Что бы там не выдумывали и не оценивали по свершившимся историческим событиям в мире члены этой странной Комиссии, а Берлин, теперь единый и живет и будет жить своей жизнью. Судьбе было угодно, чтобы я вновь вернулся в этот город как журналист и проработал в нем весь прошлый год. Я ходил по городу и не узнавал его, я увидел, что сегодня я бы не смог отличить берлинца, живущего в Западном Берлине от берлинца, живущего в восточной части города. Раньше, лет 20 назад, я мог это определять практически безошибочно. И не по одежде, а по глазам. Глаза «восточноберлинца» всегда были зеркалом его души. В их уголках таился, нет не страх, а скорее осторожность и недоверие. Сегодня берлинцы открыты, они более раскованы. Даже «язык тела» берлинца изменился. Если бы я был фотографом, я бы запечатлел, как берлинцы сидят на скамейках в парках или в кафе, как они эмоционально, размахивая руками и чуть ли не подпрыгивая, болтают друг с другом о какой-то ерунде. Так общаются абсолютно внутренне свободные люди. И какая полная противоположность настоящим берлинцам «берлинские русские». Что их давит, почему они идут ссутулившись, а говорят вполголоса? Наверное, потому, что они так и не стали своими на этом «празднике жизни», и только, наверное, их дети, если их психологически не подавят собственные родители, станут похожи на настоящих берлинских аборигенов. Открытых до доверчивости.

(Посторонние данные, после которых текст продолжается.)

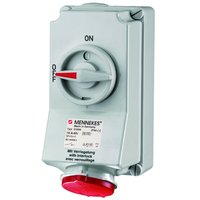 Mennekes 5103A Pic_1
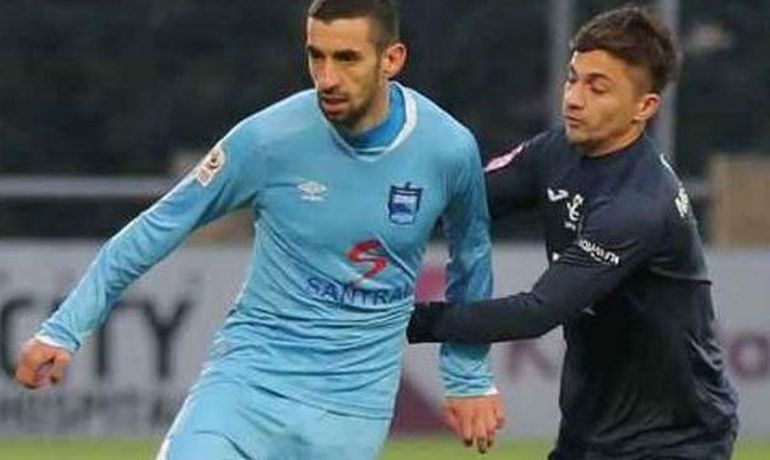 Milan Duriç:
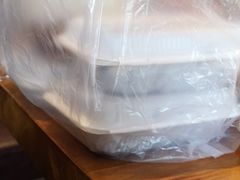 -华盛园卷子王农家菜水库鱼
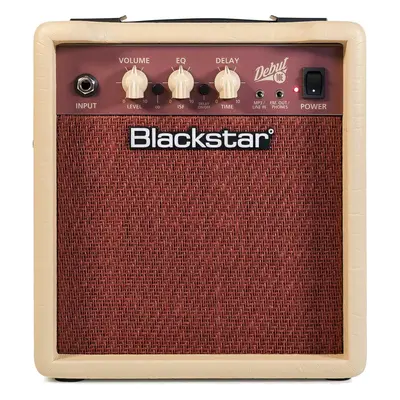 Blackstar Debut 10E Kytarové kombo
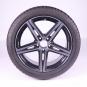 Kompletträder Set 18 Zoll Alu BRIDGESTONE CLA-Klasse 118  - Bild 3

Объединение Берлина породило проблемы, которые замечаешь сразу. Если Унтер ден Линден действительно стал притягательным бульваром немецкой метрополии, то мой любимый Кудам увядает как женщина, пережившая свою пору цветения. Вечером, даже в рождественские праздники, Кудам пуст, в то время как в Восточном Берлине на Алексе все кипело и бурлило. Эпицентр жизни уверенно смещается на Восток. И бывшие граждане ГДР этим гордятся, в то время как западноберлинцы переживают.

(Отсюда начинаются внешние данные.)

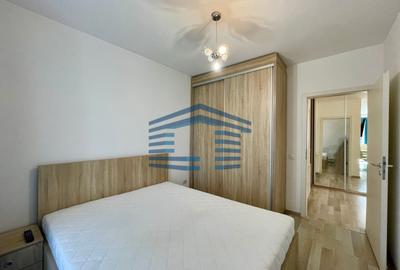 Apartament tip Studio cu parcare în Avantgarden 3 - 11
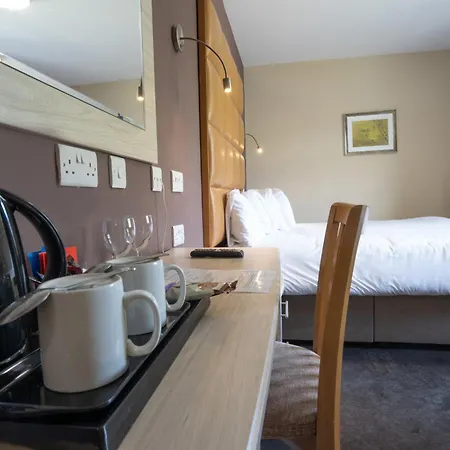 - Formerly Known As Rendezvous-skipton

Главное, когда думаешь, что же дало берлинцам падение стены, то это, наверное, то, что появился новый тип жителя города. Он гордится Берлином, считая его, не без оснований, самым красивым городом в Германии. Он умеет наслаждаться жизнью большого города, особенно когда речь идет о культурных предложениях. Он умеет наслаждаться особой атмосферой городской жизни. Но берлинец есть берлинец. Он начинает ограничивать себя в потреблении, потому что очевидно, что у многих семейные бюджеты и пенсии весьма скромные. Он считает виновными в этом своих политиков, изображая их потрясающе карикатурно в берлинских кабаре. И берлинец разбирается в политике, причем не хуже политических журналистов.

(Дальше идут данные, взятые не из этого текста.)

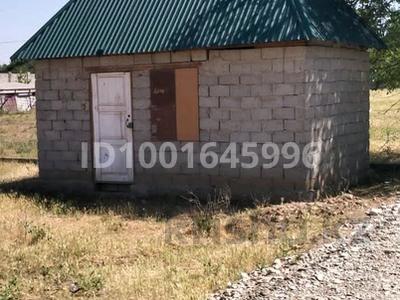 Отдельный дом · 1 комната · 15 м² · 12 сот., Жетыказына 338/1 — С. Шубарсу за 6.5 млн 〒 в Шымкенте
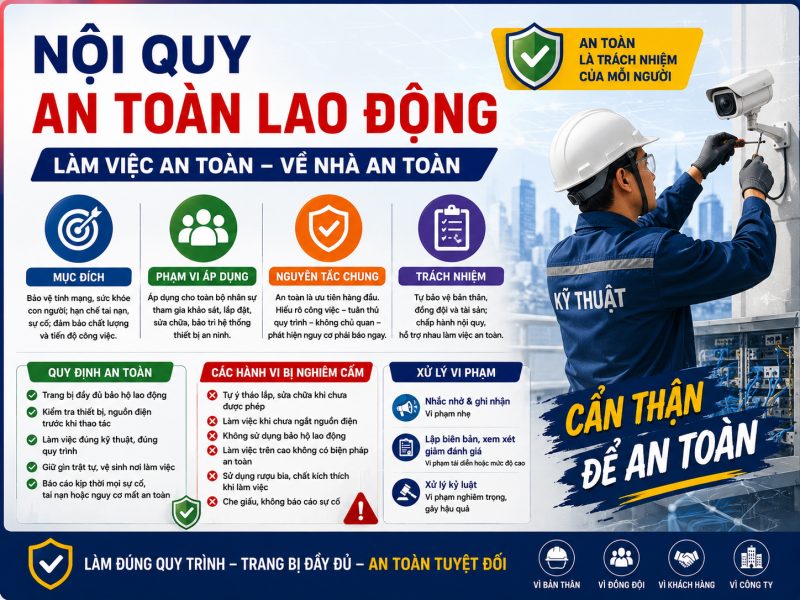 An Toan Lao Dong Bia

Я далек от мысли, что рухнувшая стена всех сделала счастливыми. О нет. Но ее падение отвечало историческому требованию нации, сделавшей вывод из итогов Второй мировой войны и желавшей единства не ради реванша перед европейцами, а ради ощущения себя истинными европейцами. Свободными в своем выборе исторической перспективы. Которую Россия сегодня еще только нащупывает. И путь этот неблизкий, судя по созданию Президентской комиссии.